Section 3. Freedom of religious opinion. No law shall in any case whatever control the free exercise, and enjoyment of religeous [sic] opinions, or interfere with the rights of conscience. —

Could someone who has a religious belief that abortion is wrong use this section to prevent the state from using his/her taxes to fund abortion?

  • 1
    (guess) only if someone who has a religious belief against paying taxes could refuse to pay taxes
    – user253751
    May 11, 2022 at 17:28

1 Answer 1


In US v. Lee, 455 U.S. 252, the Supreme Court held that

While there is a conflict between the Amish faith and the obligations imposed by the social security system, not all burdens on religion are unconstitutional. The state may justify a limitation on religious liberty by showing that it is essential to accomplish an overriding governmental interest.


There is no principled way, for purposes of this case, to distinguish between general taxes and those imposed under the Social Security Act. The tax system could not function if denominations were allowed to challenge it because tax payments were spent in a manner that violates their religious belief. Because the broad public interest in maintaining a sound tax system is of such a high order, religious belief in conflict with the payment of taxes affords no basis for resisting the tax.

Since Measure 106 (a constitutional amendment prohibiting such use of state funds) was defeated, this falls within the purview of the legislatures general tax-and-spend privilege. HB 3391, which generally requires insurance providers to cover the cost of an abortion (thus shifting the burden away from the taxpayer), does carve out an exception for religious employers, but the law does require the state to "design a program to provide statewide access to abortion coverage for Oregon residents enrolled in health benefit plans described in section 2 (7)(e) and (9) of this 2017 Act" and even requires that "If funding is available, take any actions authorized by state law to implement the program described in subsection (2) of this section", therefore taxpayer funds are used to fund abortions.

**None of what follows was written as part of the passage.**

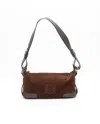 Loewe Suede Anagram Bag In Brown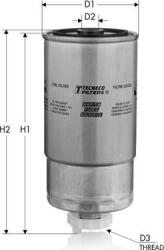 Tecneco Filters GS56 - FILTRU COMBUSTIBIL - TECNECO - compatibil Bmw - Tecneco Filters-GS56 (TECNECOFILTERSGS56)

The impediment to a religious-freedom argument is that religious freedom is not absolute, it is balanced against "compelling state interests". State funding of abortion comes from the general fund and there is no special "abortion tax" to which a taxpayer can legally object. It is uncontroversial that religious freedom does not exempt one from paying taxes, see for example Tyms-Bey v. Indiana, where the court rules that "the State's compelling interest in a uniform and mandatory taxation system falls into the statutory exception such that RFRA [Religious Freedom Restoration Act] affords no relief to Tyms-Bey".

  • isn't taxpayer sanding decidedly not a thing?